About Van Dyke Coffee Roasters

Our Coffee

Van Dyke Coffee Roasters started in 2014. Our head roaster volunteered in a non-profit cafe for three years and finally decided to start his own, aiming for good causes in the future. 

Our name "Van Dyke" came from a color Van Dyke Brown, the color of well-roasted coffee beans.

We take pride in our coffee. We do not offer batch brewed coffee, but rather offer freshly made coffee for each customer. We use only Specialty Grade beans for all of our coffee drinks. That means we don't use any lesser quality beans for our espresso roast. The same beans that you get in our pour overs are the same you will get in your lattes. We believe this is essential to our unique espresso.
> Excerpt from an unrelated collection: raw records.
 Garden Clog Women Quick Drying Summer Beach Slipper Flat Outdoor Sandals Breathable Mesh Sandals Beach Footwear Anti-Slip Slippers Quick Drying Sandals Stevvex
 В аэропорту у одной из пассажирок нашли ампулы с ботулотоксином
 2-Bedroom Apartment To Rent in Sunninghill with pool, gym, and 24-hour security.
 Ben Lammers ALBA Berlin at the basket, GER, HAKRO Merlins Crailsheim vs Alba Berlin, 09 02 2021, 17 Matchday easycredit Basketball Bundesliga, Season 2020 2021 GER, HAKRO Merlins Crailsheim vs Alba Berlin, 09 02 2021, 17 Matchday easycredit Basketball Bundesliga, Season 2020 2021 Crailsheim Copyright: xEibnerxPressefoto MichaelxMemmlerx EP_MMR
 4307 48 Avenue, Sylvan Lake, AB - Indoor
Our bean offerings change throughout the year, depending on harvesting season and bean quality.

 

Our Roasting Philosophy

Here at Van Dyke, we use only Specialty Coffee beans. We feel that these provide the best coffee for anything from a pour over to a mocha. We believe the beans make the coffee, so we do everything in our power to make each bean the best it can be.

Specialty-grade beans have exceptional flavor and taste. SCAA (Specialty Coffee Association of America) defines specialty coffee as coffee beans scored higher than 80 out of 100. Their main criteria are fragrance, acidity, flavor, aftertaste, and body(Silkiness).
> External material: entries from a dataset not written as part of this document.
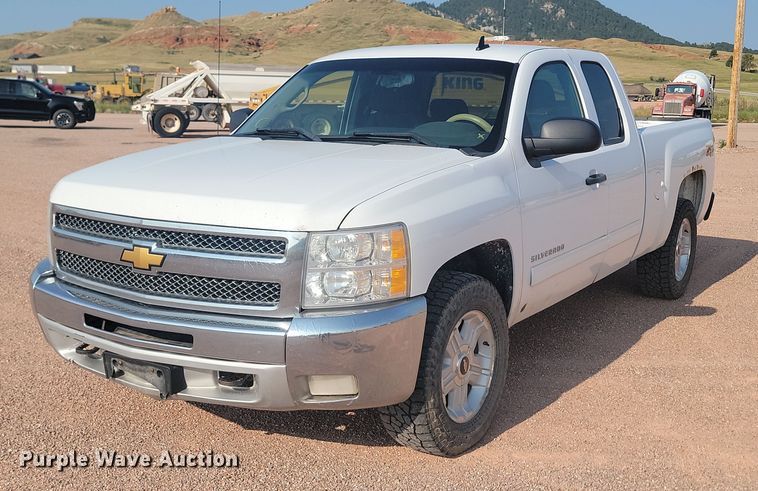 2012 Chevrolet  Silverado 1500 Ext. Cab pickup truck - OD9677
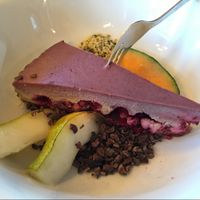 raspberry cheesecake at The Bowl - Warschauer Str in Berlin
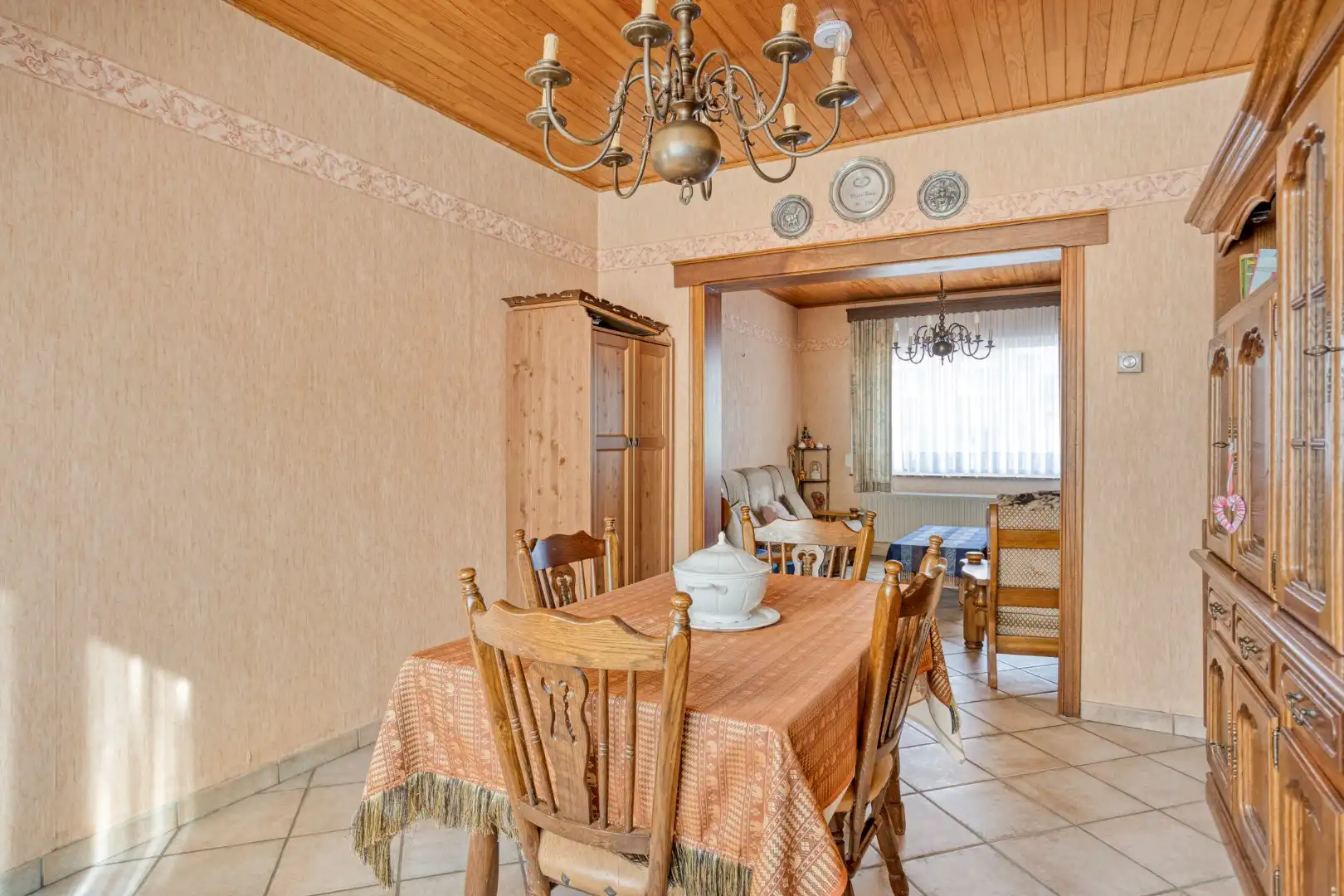 Woning met diepe tuin, garage en vernieuwd geïsoleerd dak, centrum Borgloon foto 8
You might feel our pour-over coffee is a bit bright or fruity compared to larger coffee shops. We do this intentionally to bring out the different nuances in each different coffee we offer. Whether that is a bright floral Ethiopian or a earthy cocoa from Guatemala, we want each coffee to display its natural characteristics. This is why we roast lighter than most chain coffee shops. We want the best for the bean.

If you are used to Specialty Coffee in Los Angeles, you may have a very different thought on the roast level of Van Dyke. We have had comments saying that we roast darker than the typical Southern California specialty coffee shop. While this may be true, we do it for a reason. We find that many coffees do not fully develop if dropped at the 395 degrees that many shops roast at. Many times, when dropped this low, it leads to a flat coffee that dies after you first take a sip. We prefer to roast a little darker to get the full flavor out of the bean. Our coffee is still considered a light roast, it tends to be a Full City Roast for most coffees. 

We also do not roast to one level for every single coffee. We have found that different coffees have different sweet spots for their roast. Our Colombian and Guatemalan tends to be darker, while our Ethiopian coffees tend to be a bit lighter. It all depends on the bean as well as the million other factors impacting our roast.